* _ACTIVITY_: Once the pictures have been removed, repeat the remainder of the records exactly.
______
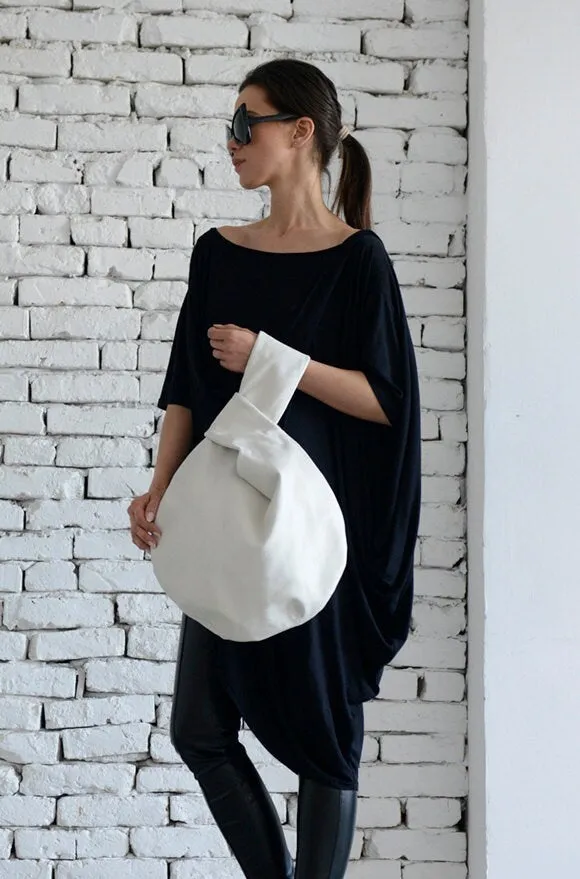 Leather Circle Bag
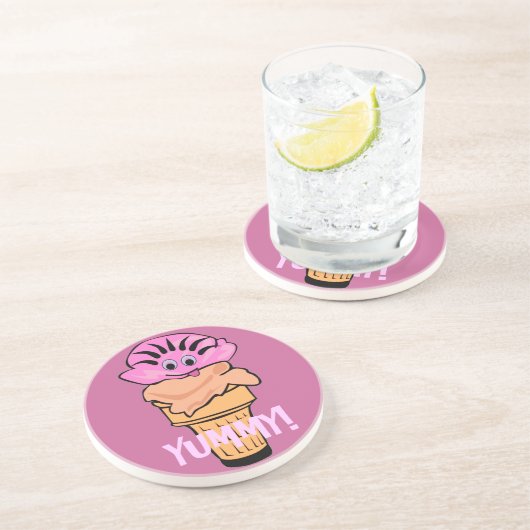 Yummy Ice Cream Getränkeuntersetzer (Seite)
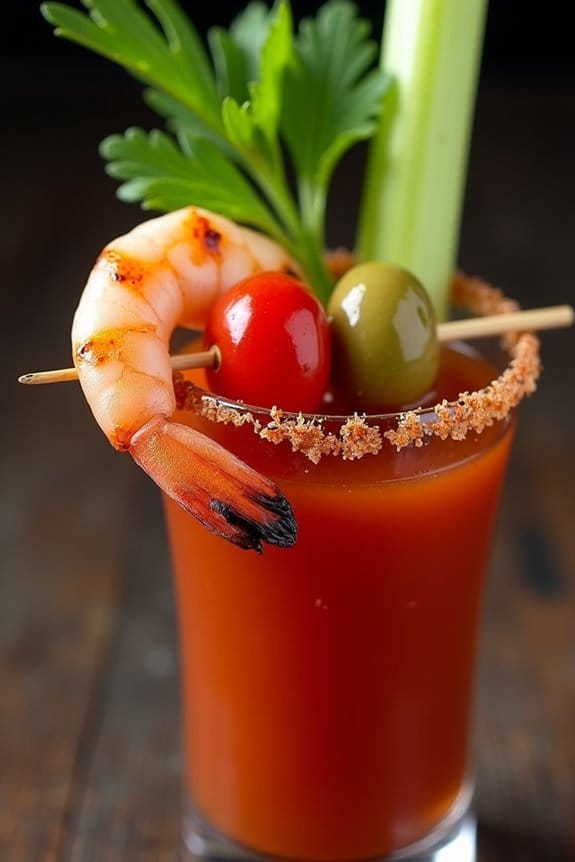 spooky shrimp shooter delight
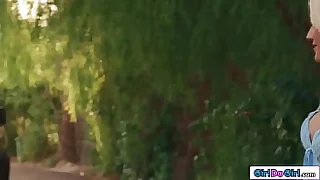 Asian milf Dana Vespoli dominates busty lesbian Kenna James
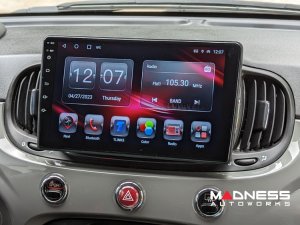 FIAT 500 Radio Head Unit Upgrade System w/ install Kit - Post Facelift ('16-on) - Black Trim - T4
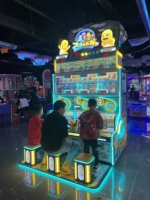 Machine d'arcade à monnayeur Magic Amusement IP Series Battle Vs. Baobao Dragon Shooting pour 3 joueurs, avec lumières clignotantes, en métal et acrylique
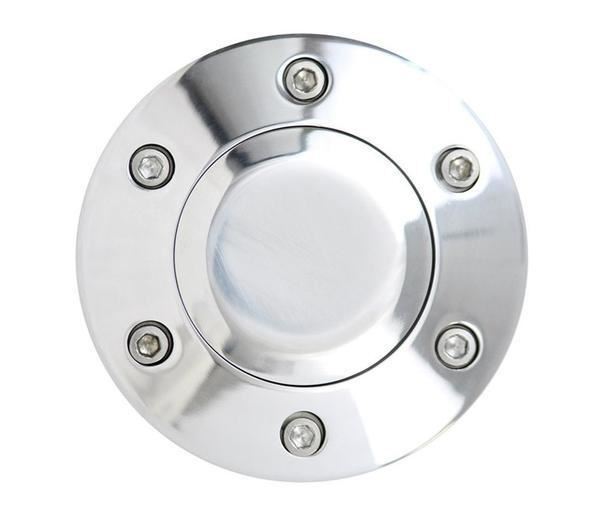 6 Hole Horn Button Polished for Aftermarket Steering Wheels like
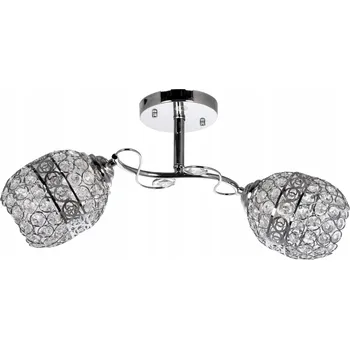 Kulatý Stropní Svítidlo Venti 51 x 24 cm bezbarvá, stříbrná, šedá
______
* _ANSWER BOX_:
 Leather Circle Bag
 Yummy Ice Cream Getränkeuntersetzer (Seite)
 spooky shrimp shooter delight
 Asian milf Dana Vespoli dominates busty lesbian Kenna James
 FIAT 500 Radio Head Unit Upgrade System w/ install Kit - Post Facelift ('16-on) - Black Trim - T4
 Machine d'arcade à monnayeur Magic Amusement IP Series Battle Vs. Baobao Dragon Shooting pour 3 joueurs, avec lumières clignotantes, en métal et acrylique
 6 Hole Horn Button Polished for Aftermarket Steering Wheels like
 Kulatý Stropní Svítidlo Venti 51 x 24 cm bezbarvá, stříbrná, šedá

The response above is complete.